PRs are very welcome!

#### Registry

- Source of truth: `src/splifft/data/registry.json`
- Per-model runtime config: `src/splifft/data/config/{config_id}.json`
- JSON Schema are generated with `uv run scripts/gen_schema.py`.
- Validation gate: pydantic (`Registry.from_file`, `Config.from_file`)

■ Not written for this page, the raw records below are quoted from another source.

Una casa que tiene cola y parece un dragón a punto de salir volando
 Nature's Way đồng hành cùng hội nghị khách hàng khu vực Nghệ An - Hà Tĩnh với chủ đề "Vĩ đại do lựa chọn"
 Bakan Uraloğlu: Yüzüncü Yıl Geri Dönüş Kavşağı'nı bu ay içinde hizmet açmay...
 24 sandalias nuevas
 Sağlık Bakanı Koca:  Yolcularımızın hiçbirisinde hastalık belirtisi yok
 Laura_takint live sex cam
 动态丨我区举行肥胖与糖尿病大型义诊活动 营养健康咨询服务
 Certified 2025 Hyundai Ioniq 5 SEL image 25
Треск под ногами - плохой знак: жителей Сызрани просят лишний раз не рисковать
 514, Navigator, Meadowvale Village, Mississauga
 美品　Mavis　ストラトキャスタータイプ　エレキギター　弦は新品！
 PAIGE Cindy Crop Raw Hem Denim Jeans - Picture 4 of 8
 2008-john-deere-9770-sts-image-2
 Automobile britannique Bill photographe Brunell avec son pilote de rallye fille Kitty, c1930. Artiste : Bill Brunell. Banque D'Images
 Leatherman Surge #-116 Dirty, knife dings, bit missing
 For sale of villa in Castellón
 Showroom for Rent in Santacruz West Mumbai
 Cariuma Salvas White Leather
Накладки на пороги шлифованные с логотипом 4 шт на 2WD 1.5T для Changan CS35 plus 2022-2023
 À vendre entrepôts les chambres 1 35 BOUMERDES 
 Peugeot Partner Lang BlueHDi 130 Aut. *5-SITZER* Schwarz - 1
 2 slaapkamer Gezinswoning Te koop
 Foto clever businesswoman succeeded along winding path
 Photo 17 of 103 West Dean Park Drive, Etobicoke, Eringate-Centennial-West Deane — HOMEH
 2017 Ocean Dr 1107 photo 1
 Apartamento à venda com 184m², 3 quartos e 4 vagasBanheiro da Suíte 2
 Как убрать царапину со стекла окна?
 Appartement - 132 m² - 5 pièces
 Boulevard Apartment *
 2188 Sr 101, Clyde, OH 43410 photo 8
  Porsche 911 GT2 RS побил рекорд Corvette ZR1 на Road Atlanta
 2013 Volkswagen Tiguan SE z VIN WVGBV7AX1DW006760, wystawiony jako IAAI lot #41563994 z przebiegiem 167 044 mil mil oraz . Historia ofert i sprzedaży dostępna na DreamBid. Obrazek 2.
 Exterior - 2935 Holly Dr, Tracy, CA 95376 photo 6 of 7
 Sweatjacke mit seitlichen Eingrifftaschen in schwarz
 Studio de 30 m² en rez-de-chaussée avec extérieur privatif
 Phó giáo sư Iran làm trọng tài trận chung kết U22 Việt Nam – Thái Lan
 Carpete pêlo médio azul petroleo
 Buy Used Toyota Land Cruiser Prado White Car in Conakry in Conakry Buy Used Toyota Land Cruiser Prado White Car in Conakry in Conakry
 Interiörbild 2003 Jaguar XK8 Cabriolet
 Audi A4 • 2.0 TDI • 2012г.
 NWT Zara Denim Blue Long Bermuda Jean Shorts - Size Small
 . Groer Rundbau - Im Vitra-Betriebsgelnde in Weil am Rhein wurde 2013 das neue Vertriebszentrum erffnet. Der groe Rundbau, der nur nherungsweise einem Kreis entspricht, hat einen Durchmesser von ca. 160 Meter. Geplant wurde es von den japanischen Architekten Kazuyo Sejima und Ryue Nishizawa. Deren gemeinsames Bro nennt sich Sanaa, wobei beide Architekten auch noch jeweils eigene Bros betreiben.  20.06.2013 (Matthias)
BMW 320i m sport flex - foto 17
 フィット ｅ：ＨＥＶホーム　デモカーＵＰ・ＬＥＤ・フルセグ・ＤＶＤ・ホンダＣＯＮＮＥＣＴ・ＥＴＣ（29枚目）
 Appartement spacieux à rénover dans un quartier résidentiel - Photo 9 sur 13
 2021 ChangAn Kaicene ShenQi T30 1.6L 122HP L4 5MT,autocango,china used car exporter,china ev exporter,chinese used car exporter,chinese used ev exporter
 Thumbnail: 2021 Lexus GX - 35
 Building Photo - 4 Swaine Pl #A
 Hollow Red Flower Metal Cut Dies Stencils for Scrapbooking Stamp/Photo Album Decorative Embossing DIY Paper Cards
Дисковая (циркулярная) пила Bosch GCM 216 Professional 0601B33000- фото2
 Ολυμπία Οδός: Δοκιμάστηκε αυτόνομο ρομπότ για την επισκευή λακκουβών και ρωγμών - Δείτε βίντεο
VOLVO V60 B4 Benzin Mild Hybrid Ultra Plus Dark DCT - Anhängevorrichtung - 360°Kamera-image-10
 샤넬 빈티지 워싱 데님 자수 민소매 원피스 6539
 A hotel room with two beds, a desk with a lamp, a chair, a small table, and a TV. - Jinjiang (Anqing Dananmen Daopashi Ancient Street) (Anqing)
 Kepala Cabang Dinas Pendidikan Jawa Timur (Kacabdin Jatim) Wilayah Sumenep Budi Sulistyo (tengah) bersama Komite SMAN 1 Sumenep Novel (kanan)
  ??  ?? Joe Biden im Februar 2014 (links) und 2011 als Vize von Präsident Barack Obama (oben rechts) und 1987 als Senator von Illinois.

If you would like to add a model to the `splifft` registry:

- upload checkpoint (ideally to huggingface), with optional MSST config
- add registry entry: `architecture`, `purpose`, `config_id`, `output`, `resources[]`
- write your own config JSON under `data/config`, or auto-convert your MSST yaml with `uv run scripts/community.py fix-registry-with-msst`
- optionally, run `uv run scripts/community.py fix-registry` to auto generate the `created_at` /`model_size`/`digest` fields using HF/GH metadata and sync outputs from configs.
- format registry JSON: `pnpm run fmt:json src/splifft/data/registry.json`

Right now, registry + configs are shipped in the package itself, with new model visibility inherently tied to package release/version bump. In the future, we may add a `splifft update` command.

## Roadmap

`splifft` is currently optimised for inferencing and does not yet support training.

Near term:

- `torch.jit.script`
- ONNX export
- `coremltools`
- support streaming with ring buffer
- simple web-based GUI with FastAPI and SolidJS.
- Jupyter notebook

Long term:

- evals: SDR, bleedless, fullness, etc.
- datasets: MUSDB18-HQ, moises
- implement a complete, configurable training loop
- data augmentation

<!-- holding off for now until Mojo reaches 1.0

## Mojo

While the primary goal is just to have minimalist PyTorch-based inference engine, I will be using this project as an opportunity to learn more about heterogenous computing, particularly with the [Mojo language](https://docs.modular.com/mojo/why-mojo/). The ultimate goal will be to understand to what extent can its compile-time metaprogramming and explicit memory layout control be used.

My approach will be incremental and bottom-up: I'll develop, test and benchmark small components against their PyTorch counterparts. The PyTorch implementation will **always** remain the "source of truth", the fully functional baseline and never be removed.

TODO:

- [ ] evaluate `pixi` in `pyproject.toml`.
- [ ] use `max.torch.CustomOpLibrary` to provide a callable from the pytorch side
- [ ] use [`DeviceContext`](https://github.com/modular/modular/blob/main/mojo/stdlib/stdlib/gpu/host/device_context.mojo) to interact with the GPU
- [ ] [attention](https://github.com/modular/modular/blob/main/examples/custom_ops/kernels/fused_attention.mojo)
    - [ ] use [`LayoutTensor`](https://github.com/modular/modular/blob/main/max/kernels/src/layout/layout_tensor.mojo) for QKV
- [ ] rotary embedding
- [ ] feedforward
- [ ] transformer
- [ ] `BandSplit` & `MaskEstimator`
- [ ] full graph compilation
-->